Mas, enfim, apesar dos perigos, a necessidade financeira obrigou Mário Jorge Silveira da Silva, de 48 anos, a aderir à moda de guiar um carro de aplicação para poder aumentar os ganhos ao fim do mês e conseguir sustentar a família.

No dia 13 lá começou ele, o seu novo emprego. E nesse mesmo dia 13 morreria baleado após um assalto. "Foi a primeira e última corrida", lamentou-se a viúva de Mário Jorge.

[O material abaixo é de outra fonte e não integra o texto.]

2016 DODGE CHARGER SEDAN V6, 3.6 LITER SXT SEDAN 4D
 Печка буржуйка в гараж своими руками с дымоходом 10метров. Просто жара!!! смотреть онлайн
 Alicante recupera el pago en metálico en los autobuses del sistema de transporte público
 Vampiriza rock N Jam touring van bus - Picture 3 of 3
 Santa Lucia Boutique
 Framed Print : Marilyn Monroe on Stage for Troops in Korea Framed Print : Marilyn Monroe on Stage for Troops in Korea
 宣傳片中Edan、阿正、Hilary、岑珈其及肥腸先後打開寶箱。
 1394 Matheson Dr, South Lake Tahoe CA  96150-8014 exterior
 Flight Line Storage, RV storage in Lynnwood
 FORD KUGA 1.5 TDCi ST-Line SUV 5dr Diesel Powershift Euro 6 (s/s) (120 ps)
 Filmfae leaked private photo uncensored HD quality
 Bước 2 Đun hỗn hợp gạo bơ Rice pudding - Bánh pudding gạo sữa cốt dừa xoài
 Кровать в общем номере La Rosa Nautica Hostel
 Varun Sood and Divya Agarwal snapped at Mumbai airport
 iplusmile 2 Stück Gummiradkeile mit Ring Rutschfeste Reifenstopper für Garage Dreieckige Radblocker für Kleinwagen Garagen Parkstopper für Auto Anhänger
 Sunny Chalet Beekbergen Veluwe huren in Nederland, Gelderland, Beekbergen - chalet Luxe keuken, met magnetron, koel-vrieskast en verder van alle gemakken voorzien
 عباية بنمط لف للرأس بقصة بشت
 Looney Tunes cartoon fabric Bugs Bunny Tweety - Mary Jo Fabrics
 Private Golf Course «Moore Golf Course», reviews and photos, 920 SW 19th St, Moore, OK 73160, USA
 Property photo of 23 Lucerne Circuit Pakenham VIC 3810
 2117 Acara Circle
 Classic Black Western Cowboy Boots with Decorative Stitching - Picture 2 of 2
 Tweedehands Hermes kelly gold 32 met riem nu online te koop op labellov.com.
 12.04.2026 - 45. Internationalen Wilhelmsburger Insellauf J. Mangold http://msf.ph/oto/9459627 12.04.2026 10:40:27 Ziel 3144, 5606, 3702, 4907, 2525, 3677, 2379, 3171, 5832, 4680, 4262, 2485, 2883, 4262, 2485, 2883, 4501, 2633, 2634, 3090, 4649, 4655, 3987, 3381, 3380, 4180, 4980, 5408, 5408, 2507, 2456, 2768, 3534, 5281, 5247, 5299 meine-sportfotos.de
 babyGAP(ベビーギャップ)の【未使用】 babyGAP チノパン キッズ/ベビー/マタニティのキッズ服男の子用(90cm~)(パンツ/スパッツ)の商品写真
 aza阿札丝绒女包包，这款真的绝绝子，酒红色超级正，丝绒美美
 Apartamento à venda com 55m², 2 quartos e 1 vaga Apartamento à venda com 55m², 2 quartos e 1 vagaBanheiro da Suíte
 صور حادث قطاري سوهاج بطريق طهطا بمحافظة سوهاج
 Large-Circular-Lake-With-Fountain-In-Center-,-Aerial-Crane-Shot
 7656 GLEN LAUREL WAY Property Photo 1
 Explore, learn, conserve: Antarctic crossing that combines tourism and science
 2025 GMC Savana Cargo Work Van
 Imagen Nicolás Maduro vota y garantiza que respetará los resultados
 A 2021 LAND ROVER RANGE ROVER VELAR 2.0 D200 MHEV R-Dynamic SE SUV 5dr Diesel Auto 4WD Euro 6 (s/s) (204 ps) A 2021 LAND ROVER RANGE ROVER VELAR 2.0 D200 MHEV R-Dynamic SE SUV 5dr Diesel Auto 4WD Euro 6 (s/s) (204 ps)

No caminho para a Avenida Creta, no bairro Nova Cidade, zona norte de Manaus, os dois primeiros clientes de Mário roubaram-lhe carro e telemóvel e ainda dispararam contra a sua nuca.

A polícia, considerado suspeito o trajeto do carro, imobilizou-o e conseguiu deter o autor dos disparos, Cesar Ferreira, de 33 anos, e o comparsa, minutos depois de eles atirarem pela janela a arma do crime.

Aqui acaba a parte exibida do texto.